[Dataset entries]
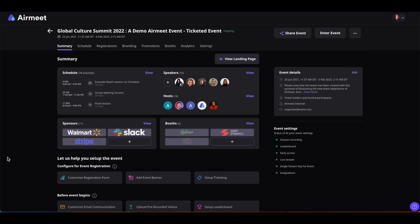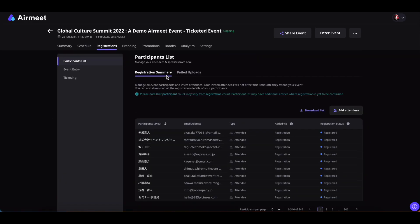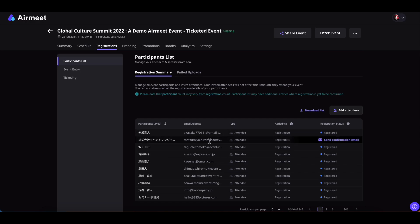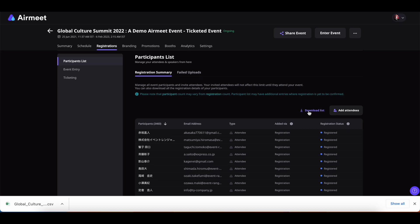First, go to your event dashboard and then click on registrations and under the participants list, you will find the details of all the registered participants. Now, you can simply click on this download list and all the participants details will be downloaded in the CSV file.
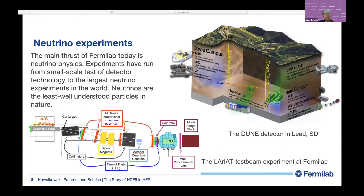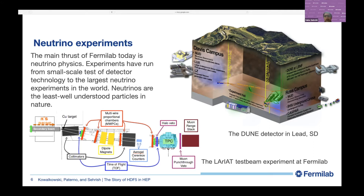Previously we had only worked with the CMS experiment. For the LDRD project, we worked with neutrino experiments. The main thrust of Fermilab today is neutrino physics, with experiments ranging from small-scale tests of detector technology to the largest neutrino experiments in the world. Neutrinos are the least well-understood particles in nature and very difficult to observe — an experiment like CMS only infers their existence from the lack of some signals, whereas a neutrino detector like DUNE observes the results of neutrinos interacting in the detector.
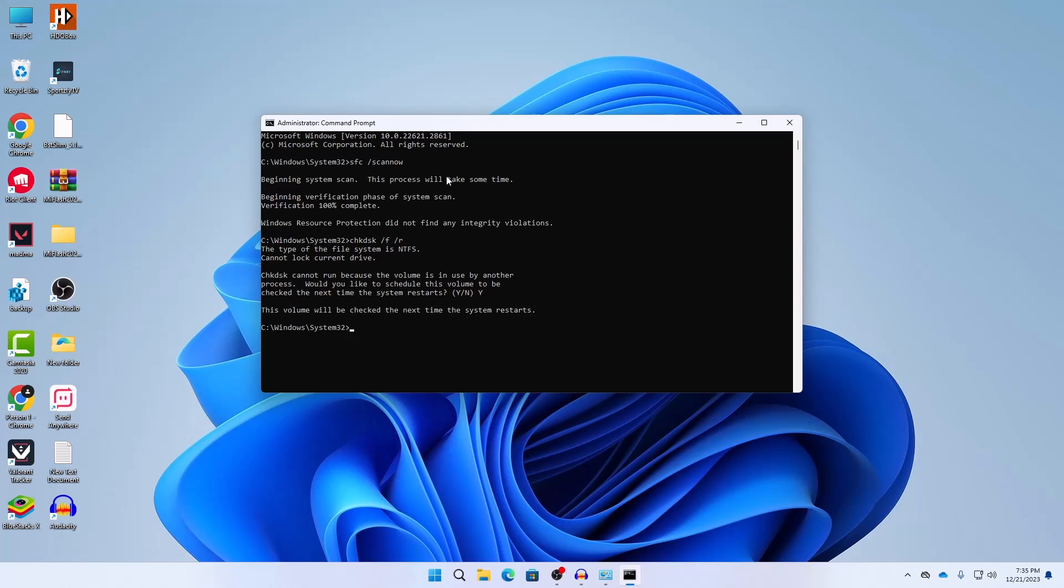Here it is saying the volume will be checked the next time the system restarts.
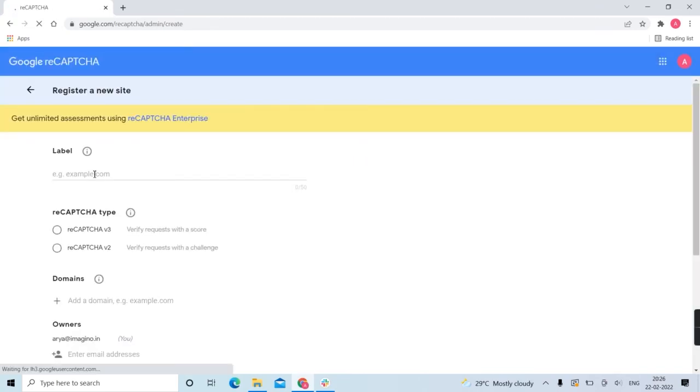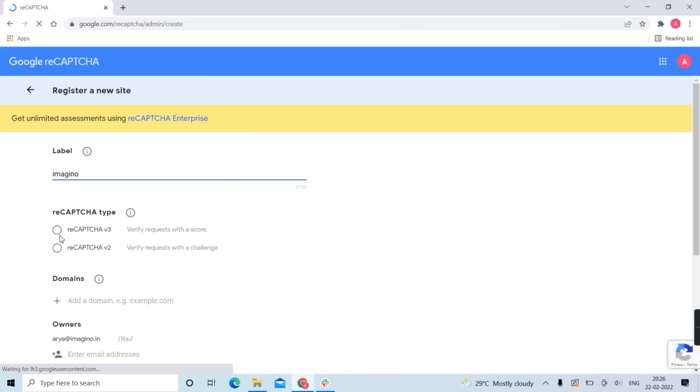Add a name here to help you identify the site in the future. Then select the reCAPTCHA type. There are two types: reCAPTCHA v3 and reCAPTCHA v2.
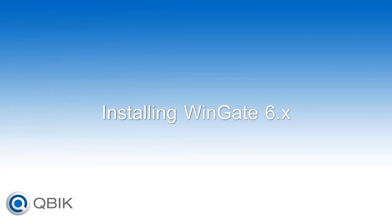In this tutorial, I'm going to demonstrate an installation of WinGate 6 to show you how easy it is to install WinGate on your network. By the end of the tutorial, we will have set up a functioning internet router, a DNS service, and a DHCP service.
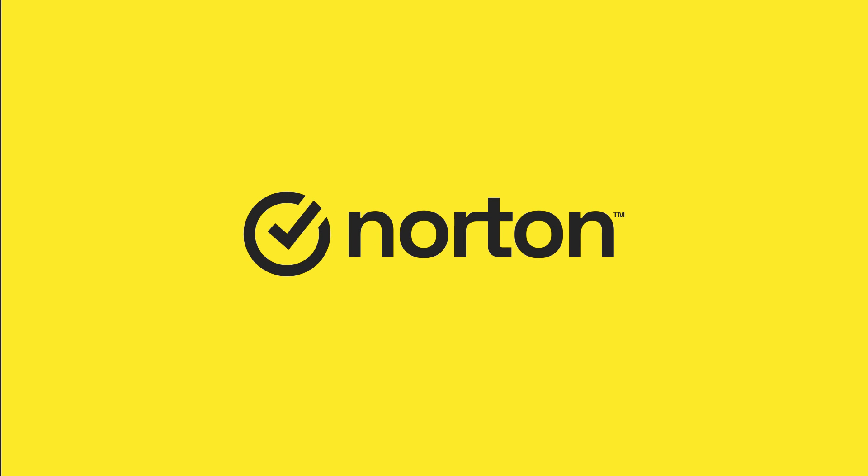That's it. Thanks for watching. For more help, please visit support.norton.com.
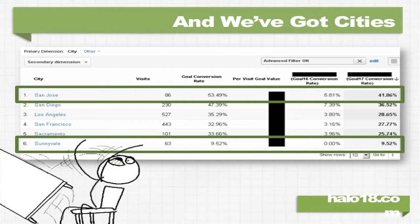What we see is San Jose converts really, really well. That goal all the way on the right — goal 17 — is what I'm worried about. San Jose converts at almost 42%, and that means I really like San Jose.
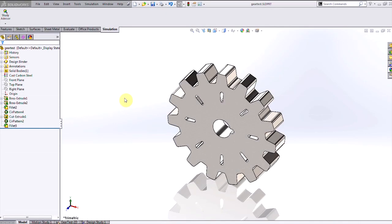Hi, this is Damon Tordini with Hawk Ridge Systems. Today we're talking about the optimization capability in SOLIDWORKS Simulation.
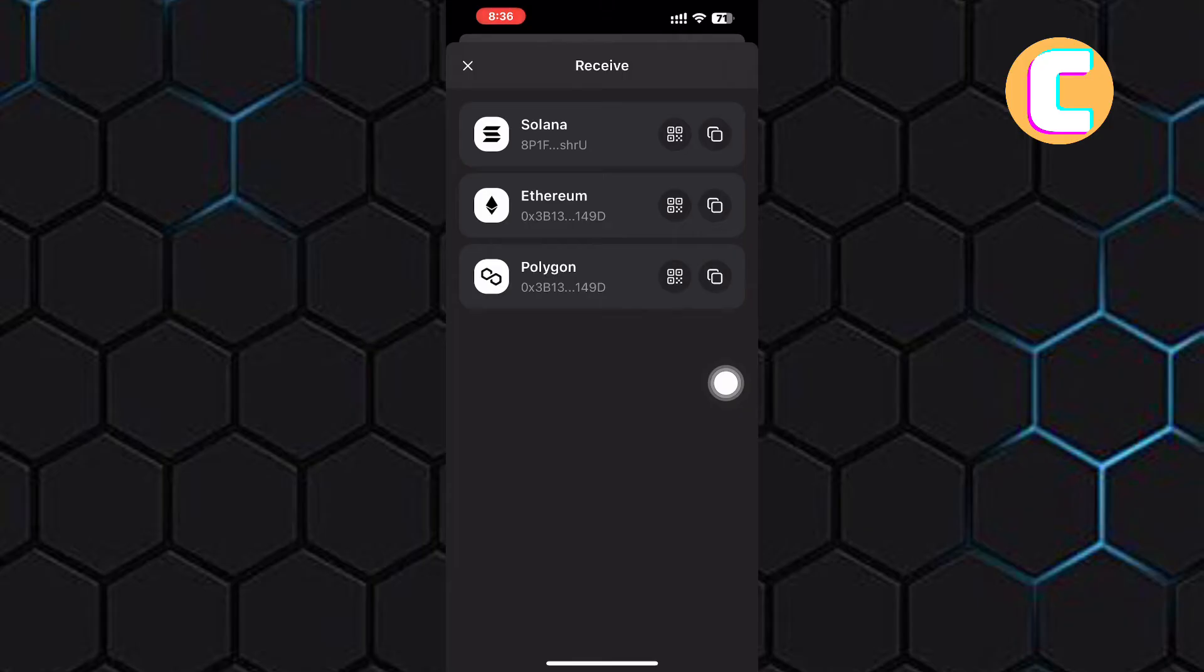Currently, there are Solana, Ethereum, and Polygon. As you can see, besides each wallet, there are two buttons.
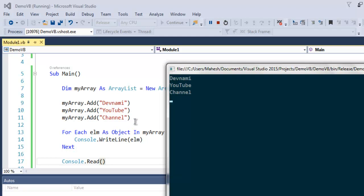So this was a short introduction to ArrayList - how to create them, how to add content in it, and how to display one element after another from ArrayList.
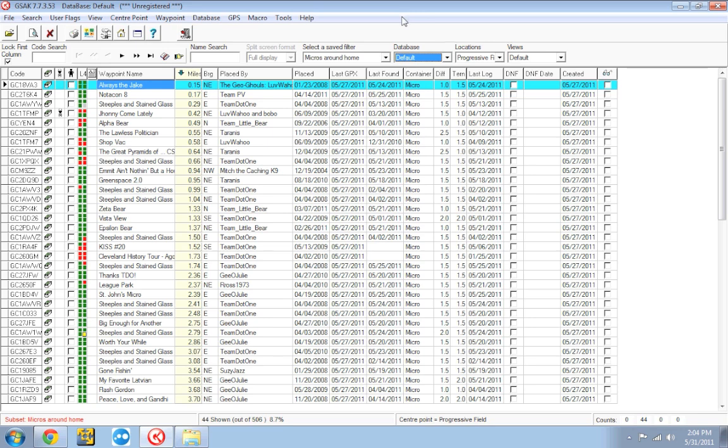You might travel and you want to have one database for Ohio, one for Pennsylvania and one for Tennessee. You may have multiple people that use the same computer. Maybe you don't always cache at the same time. Maybe one person has a different set of found caches than another person and you don't want to be using the same database. You want to divide it up. So you can create a database for one person and a completely separate database for another person. Let me give you an example of how that's going to work.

» TASK TO CARRY OUT: With pictures left out, repeat exactly the lines from the line bearing "In this tutorial, I'm" through the final line of the records above.

» OUTPUT BELOW:
In this tutorial, I'm going to demonstrate an installation of WinGate 6 to show you how easy it is to install WinGate on your network. By the end of the tutorial, we will have set up a functioning internet router, a DNS service, and a DHCP service.
That's it. Thanks for watching. For more help, please visit support.norton.com.
What we see is San Jose converts really, really well. That goal all the way on the right — goal 17 — is what I'm worried about. San Jose converts at almost 42%, and that means I really like San Jose.
Hi, this is Damon Tordini with Hawk Ridge Systems. Today we're talking about the optimization capability in SOLIDWORKS Simulation.
Currently, there are Solana, Ethereum, and Polygon. As you can see, besides each wallet, there are two buttons.
So this was a short introduction to ArrayList - how to create them, how to add content in it, and how to display one element after another from ArrayList.
You might travel and you want to have one database for Ohio, one for Pennsylvania and one for Tennessee. You may have multiple people that use the same computer. Maybe you don't always cache at the same time. Maybe one person has a different set of found caches than another person and you don't want to be using the same database. You want to divide it up. So you can create a database for one person and a completely separate database for another person. Let me give you an example of how that's going to work.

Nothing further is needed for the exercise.